Quando nós expressamos as ideias dominantes de um povo ou sociedade em termos de valores e liberdade, de utilidade, de prazer etc., estamos nos referindo a uma instância superior fundada na ética, que se sobrepõe à moral, esta tida como "teoria das regras de conduta que emergem dos usos e costumes", no dizer do mesmo citado filósofo e jurista. Neste caso, "o direito é ciência das relações sociais de natureza bilateral atributiva e a política é ciência e arte do governo dos povos à luz do princípio da cidadania". Neste sentido, "a experiência moral tem como consequência o dever de moralidade, que não se confunde com o dever de legalidade, a qual se contenta com a adequação da conduta à norma legal, quando é indispensável, para que haja justiça in concreto, que se leve em conta, tanto na política quanto no direito, o que emerge de normas morais como exigência de boa-fé, lealdade, correção ou integridade".
SUBORDINAÇÃO. Do que foi exposto, conclui-se que, na atual evolução humana, a ética é ciência axiológica ou valorativa por excelência e a ela se subordinam as regras da moral, da política e do direito. Esta é uma definição aceita pelos culturalistas, em que o homem, a sociedade e a natureza devem estar em permanente harmonia. No entanto, do ponto de vista espiritual, mais importante que a distinção entre ética e moral é a compreensão dos valores em si como sendo os elementos fundamentais de uma e de outra.

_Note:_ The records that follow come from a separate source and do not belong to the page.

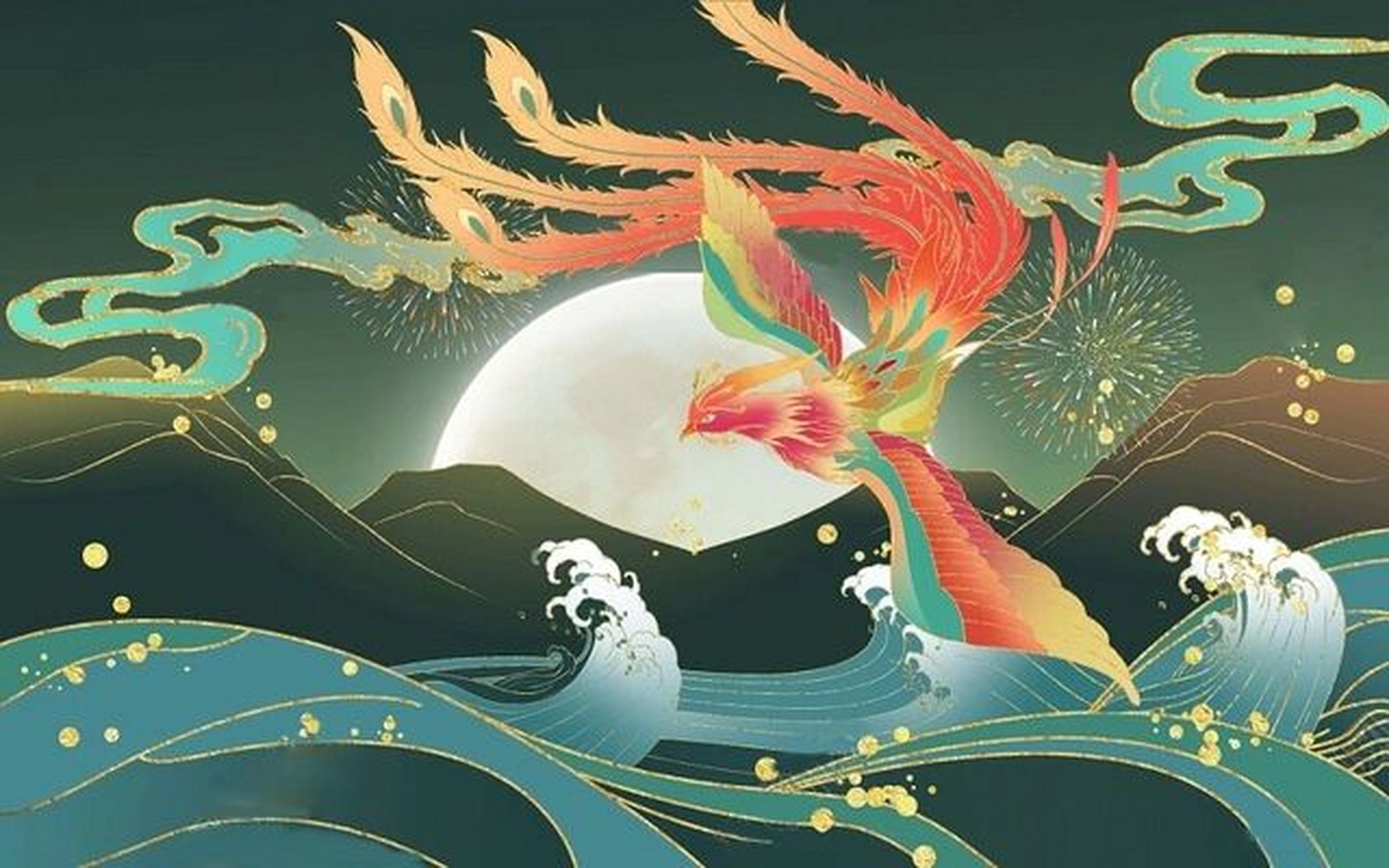 素材分享|国潮凤凰 哈喽~一大波国潮凤凰正在向你飞来~快快收好啦 "凤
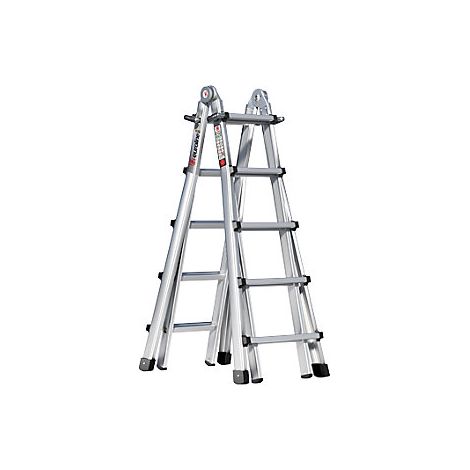 Escalera plegable Alu-Vario  con largueros telescópicos  4 x 5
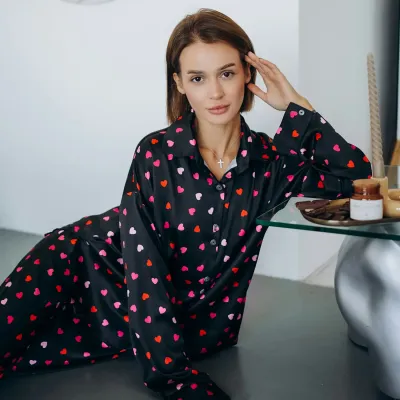 Пижама женская COSAS Amore S Черный Пижама женская COSAS Amore S Черный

Para encerrar, podemos dizer que a ética deve ser definida como a ciência que estuda a conduta humana na sociedade e a moral é a qualidade desta conduta, aplicada ao indivíduo em suas ações direcionadas para o Bem ou para o Mal, sendo espiritualmente valiosa e progressista quando aplicada exclusivamente para a realização do Bem. Tal rigor é necessário para respaldar o senso de responsabilidade, que é o esteio de uma verdadeira vida moral.
Completa este rigor, o senso da fidelidade aos ditames da consciência que avalia, a cada momento, os valores em si como um verdadeiro juiz de nós mesmos. E, como a consciência é um atributo espiritual, sob o exclusivo ponto de vista espiritual, há uma inversão na hierarquia dos valores. Daí, inferir-se que a moral tem, desde sempre, prevalência sobre a ética, esta puramente valorativa do convívio humano correto e justo, mas variável em função das culturas e das sociedades organizadas no mundo.